Your objective ▸ Nothing but the lines from the start of the records through the line that contains "Building a Fence" is to be copied, and each is to be copied exactly.

(Data entries)
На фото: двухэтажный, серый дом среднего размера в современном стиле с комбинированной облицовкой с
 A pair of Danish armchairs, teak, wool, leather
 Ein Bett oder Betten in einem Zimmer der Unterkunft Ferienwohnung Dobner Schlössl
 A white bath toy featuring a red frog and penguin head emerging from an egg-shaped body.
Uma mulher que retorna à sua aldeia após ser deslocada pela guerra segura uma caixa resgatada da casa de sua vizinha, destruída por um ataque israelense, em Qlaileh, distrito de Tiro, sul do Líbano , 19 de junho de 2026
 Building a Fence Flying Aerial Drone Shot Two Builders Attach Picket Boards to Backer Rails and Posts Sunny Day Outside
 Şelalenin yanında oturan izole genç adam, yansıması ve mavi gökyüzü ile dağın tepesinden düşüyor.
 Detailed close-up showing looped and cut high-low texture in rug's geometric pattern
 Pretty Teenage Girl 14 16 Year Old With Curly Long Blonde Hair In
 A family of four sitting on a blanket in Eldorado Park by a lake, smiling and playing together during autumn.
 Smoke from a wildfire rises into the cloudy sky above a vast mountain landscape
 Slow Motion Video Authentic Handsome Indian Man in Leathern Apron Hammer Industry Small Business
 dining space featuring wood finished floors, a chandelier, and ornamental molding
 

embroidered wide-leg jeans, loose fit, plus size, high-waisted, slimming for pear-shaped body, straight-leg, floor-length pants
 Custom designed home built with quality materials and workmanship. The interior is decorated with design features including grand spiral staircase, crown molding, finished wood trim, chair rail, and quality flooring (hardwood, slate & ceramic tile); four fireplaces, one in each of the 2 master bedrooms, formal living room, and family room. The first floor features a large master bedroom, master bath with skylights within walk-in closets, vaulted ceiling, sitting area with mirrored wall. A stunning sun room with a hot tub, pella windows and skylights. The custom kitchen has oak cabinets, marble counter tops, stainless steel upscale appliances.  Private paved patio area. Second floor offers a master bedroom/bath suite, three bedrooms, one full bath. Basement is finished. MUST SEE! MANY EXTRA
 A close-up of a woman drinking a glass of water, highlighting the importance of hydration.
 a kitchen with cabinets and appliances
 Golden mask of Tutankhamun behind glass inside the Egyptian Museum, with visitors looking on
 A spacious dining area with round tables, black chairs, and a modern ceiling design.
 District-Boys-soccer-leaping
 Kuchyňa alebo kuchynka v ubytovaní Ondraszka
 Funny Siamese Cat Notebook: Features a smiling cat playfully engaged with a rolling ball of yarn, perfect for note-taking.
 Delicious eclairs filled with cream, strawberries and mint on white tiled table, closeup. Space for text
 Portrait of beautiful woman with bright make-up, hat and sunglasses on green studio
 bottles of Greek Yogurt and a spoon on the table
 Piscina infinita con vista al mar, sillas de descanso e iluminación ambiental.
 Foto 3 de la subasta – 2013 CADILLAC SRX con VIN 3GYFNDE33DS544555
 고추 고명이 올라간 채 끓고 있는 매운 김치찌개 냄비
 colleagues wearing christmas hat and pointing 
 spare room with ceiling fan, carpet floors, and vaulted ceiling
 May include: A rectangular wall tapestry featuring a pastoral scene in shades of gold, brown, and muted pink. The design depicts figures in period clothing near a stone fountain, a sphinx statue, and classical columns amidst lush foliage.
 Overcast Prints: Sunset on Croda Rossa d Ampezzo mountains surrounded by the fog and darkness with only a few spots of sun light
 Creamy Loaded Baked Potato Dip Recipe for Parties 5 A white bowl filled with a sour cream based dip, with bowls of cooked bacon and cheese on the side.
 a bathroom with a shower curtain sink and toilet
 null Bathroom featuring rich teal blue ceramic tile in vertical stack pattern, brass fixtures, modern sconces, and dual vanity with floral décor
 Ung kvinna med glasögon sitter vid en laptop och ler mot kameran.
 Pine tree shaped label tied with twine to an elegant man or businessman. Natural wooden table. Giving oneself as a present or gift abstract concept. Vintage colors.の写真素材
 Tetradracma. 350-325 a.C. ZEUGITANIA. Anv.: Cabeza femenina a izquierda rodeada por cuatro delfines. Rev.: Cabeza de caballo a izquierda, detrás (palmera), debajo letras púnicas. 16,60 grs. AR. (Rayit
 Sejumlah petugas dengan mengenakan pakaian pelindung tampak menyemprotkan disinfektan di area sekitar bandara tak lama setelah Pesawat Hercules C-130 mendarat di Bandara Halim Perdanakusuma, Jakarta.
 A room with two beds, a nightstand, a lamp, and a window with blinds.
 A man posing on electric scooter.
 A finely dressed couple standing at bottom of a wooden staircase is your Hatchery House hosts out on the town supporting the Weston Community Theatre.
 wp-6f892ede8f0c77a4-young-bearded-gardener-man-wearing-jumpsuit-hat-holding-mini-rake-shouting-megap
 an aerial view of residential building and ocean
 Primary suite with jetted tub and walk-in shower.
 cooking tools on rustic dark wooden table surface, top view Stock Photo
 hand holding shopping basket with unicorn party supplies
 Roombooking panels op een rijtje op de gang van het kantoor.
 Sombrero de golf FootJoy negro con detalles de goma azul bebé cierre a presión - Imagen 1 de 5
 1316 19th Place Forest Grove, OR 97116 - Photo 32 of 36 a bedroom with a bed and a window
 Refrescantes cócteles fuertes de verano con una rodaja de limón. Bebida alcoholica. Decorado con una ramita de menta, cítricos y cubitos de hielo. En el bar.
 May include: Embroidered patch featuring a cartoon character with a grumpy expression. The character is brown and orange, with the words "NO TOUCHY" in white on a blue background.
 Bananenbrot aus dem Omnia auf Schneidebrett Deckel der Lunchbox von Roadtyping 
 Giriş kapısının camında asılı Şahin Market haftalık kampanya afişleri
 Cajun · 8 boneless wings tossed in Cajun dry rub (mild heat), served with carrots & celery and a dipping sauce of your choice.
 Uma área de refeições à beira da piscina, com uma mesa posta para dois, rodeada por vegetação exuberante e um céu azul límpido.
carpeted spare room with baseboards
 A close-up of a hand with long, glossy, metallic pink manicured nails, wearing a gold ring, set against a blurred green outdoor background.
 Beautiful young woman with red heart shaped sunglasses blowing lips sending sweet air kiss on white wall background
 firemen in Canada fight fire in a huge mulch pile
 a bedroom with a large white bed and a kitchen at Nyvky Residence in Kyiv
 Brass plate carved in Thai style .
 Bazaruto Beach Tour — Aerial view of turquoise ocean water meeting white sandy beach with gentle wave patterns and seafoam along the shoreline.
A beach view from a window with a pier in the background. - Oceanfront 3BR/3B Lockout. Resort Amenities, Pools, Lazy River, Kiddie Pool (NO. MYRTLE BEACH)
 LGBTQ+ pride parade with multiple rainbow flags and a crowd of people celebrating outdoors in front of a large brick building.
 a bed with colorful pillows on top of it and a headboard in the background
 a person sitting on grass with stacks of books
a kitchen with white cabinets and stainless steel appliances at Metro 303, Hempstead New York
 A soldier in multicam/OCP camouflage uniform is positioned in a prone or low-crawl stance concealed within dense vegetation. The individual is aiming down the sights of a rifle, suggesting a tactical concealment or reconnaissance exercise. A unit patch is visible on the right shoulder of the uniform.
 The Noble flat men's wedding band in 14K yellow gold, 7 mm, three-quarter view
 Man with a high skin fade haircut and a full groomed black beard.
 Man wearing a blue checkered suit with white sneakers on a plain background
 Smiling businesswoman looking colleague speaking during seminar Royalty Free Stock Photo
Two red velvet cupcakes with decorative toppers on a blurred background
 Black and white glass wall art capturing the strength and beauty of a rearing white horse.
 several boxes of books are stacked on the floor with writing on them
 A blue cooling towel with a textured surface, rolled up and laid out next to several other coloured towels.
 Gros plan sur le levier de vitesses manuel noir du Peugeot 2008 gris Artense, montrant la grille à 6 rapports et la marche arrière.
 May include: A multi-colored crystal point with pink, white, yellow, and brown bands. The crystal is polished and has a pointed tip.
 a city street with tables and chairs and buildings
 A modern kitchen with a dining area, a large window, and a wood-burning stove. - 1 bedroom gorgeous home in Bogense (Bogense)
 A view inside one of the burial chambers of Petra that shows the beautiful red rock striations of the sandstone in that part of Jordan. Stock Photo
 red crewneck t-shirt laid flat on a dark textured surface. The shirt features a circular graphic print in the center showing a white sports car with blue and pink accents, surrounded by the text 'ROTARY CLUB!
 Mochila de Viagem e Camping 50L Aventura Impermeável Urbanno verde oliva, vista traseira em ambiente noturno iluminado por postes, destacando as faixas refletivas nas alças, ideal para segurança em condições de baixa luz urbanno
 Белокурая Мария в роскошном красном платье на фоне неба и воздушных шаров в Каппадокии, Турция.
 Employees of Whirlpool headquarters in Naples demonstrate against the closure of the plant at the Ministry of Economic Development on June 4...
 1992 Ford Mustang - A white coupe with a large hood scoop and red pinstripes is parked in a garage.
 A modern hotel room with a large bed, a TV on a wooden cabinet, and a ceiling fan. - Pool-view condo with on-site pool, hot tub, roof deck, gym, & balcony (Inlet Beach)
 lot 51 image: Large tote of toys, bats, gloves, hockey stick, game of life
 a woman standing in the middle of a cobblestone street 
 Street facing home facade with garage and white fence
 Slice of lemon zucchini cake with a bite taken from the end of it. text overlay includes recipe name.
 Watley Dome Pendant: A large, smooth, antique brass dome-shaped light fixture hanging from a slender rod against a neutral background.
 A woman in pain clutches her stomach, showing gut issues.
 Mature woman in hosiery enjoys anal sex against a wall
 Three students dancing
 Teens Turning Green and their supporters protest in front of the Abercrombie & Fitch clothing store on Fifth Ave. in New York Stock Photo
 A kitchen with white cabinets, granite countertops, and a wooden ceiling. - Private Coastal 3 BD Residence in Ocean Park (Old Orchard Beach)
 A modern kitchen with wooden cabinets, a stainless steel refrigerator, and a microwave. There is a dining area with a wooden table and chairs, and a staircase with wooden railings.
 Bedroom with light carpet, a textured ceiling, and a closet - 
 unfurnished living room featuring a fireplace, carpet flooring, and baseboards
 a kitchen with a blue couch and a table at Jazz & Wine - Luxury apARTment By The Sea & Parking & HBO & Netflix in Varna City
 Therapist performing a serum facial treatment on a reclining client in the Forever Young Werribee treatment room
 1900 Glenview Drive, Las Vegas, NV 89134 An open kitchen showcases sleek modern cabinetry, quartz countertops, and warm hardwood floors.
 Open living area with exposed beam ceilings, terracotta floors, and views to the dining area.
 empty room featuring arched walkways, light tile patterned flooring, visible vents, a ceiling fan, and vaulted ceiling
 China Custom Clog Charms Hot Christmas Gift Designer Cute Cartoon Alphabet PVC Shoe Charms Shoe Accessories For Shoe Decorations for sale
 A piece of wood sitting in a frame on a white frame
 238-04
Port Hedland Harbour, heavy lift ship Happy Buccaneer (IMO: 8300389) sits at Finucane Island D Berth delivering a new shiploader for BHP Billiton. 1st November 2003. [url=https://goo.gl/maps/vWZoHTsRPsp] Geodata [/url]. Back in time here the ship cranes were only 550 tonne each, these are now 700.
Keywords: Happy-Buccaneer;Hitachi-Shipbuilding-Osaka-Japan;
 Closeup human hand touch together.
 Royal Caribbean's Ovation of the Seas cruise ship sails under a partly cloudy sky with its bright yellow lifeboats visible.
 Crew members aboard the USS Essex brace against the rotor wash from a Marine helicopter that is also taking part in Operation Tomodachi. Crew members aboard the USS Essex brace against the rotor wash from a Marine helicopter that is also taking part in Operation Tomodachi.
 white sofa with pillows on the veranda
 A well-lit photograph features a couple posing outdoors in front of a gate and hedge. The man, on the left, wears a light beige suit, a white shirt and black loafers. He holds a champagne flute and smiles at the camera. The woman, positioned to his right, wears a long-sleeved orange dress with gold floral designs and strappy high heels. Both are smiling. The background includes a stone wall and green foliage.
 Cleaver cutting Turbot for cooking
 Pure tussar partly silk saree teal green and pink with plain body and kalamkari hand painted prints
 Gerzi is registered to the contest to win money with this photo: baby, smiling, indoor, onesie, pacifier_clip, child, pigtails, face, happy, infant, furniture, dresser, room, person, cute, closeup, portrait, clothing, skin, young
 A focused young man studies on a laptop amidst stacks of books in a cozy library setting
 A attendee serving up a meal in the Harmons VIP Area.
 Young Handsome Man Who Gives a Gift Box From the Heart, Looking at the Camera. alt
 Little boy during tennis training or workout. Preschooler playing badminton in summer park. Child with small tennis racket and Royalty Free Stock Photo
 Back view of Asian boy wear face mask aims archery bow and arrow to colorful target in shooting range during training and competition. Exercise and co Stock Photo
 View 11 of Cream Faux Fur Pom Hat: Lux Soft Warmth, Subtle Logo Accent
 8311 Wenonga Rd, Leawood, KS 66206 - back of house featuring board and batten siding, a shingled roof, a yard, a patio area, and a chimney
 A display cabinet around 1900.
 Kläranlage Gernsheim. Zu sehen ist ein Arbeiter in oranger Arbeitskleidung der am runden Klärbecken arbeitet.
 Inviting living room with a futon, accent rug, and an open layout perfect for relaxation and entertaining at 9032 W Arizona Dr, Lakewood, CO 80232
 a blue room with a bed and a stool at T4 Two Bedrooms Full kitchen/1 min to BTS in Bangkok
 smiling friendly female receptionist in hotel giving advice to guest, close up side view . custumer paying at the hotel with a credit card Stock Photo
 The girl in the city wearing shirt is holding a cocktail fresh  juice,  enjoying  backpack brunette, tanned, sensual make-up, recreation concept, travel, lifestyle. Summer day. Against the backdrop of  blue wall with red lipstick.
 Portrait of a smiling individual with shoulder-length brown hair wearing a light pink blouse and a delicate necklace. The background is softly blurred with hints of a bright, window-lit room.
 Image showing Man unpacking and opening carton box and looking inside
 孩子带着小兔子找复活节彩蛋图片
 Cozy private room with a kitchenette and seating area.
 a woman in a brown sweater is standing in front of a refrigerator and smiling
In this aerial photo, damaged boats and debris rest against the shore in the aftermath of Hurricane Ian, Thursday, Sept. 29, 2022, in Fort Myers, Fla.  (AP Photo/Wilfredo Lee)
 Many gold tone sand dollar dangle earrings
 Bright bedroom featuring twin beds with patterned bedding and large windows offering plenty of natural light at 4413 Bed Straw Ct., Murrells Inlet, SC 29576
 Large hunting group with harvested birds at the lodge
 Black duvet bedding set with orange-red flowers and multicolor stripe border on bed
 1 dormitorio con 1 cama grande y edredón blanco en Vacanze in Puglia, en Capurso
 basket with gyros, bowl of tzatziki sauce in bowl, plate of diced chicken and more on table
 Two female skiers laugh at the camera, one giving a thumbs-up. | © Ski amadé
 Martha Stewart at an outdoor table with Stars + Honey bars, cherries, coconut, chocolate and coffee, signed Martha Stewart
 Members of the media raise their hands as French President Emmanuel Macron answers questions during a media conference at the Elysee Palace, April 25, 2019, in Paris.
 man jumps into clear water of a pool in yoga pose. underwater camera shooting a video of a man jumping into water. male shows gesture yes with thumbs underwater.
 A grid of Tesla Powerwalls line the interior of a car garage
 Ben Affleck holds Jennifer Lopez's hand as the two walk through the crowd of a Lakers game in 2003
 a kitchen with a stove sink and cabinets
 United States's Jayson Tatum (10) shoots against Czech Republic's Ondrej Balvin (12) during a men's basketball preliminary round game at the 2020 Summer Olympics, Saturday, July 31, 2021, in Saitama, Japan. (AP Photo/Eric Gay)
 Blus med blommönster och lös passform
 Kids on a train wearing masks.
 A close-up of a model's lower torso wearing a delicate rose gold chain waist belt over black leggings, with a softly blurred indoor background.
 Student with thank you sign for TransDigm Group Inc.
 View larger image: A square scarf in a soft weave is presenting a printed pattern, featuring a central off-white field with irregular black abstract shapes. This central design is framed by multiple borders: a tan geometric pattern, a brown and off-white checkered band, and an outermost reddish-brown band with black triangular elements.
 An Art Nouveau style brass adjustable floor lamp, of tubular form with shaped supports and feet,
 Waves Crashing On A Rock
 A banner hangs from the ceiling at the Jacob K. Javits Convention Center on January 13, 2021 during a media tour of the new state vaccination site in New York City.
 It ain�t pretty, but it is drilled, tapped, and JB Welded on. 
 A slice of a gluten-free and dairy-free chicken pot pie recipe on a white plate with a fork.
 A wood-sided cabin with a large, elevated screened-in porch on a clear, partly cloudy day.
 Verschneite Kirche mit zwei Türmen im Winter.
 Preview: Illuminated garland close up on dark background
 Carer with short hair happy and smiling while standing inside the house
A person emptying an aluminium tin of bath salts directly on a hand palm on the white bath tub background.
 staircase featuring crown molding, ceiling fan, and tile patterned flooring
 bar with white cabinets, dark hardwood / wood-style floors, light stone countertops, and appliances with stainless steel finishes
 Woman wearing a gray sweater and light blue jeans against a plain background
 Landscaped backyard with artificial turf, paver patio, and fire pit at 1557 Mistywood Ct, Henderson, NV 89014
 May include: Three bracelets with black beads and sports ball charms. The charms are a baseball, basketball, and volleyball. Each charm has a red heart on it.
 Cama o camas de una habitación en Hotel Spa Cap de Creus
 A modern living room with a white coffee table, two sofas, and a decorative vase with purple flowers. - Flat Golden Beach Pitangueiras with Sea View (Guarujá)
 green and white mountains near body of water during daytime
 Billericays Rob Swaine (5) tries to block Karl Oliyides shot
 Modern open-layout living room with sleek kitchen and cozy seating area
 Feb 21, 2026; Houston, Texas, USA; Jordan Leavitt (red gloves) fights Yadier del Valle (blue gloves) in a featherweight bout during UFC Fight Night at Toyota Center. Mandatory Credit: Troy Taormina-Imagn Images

Reply to the task ▸
На фото: двухэтажный, серый дом среднего размера в современном стиле с комбинированной облицовкой с
 A pair of Danish armchairs, teak, wool, leather
 Ein Bett oder Betten in einem Zimmer der Unterkunft Ferienwohnung Dobner Schlössl
 A white bath toy featuring a red frog and penguin head emerging from an egg-shaped body.
Uma mulher que retorna à sua aldeia após ser deslocada pela guerra segura uma caixa resgatada da casa de sua vizinha, destruída por um ataque israelense, em Qlaileh, distrito de Tiro, sul do Líbano , 19 de junho de 2026
 Building a Fence Flying Aerial Drone Shot Two Builders Attach Picket Boards to Backer Rails and Posts Sunny Day Outside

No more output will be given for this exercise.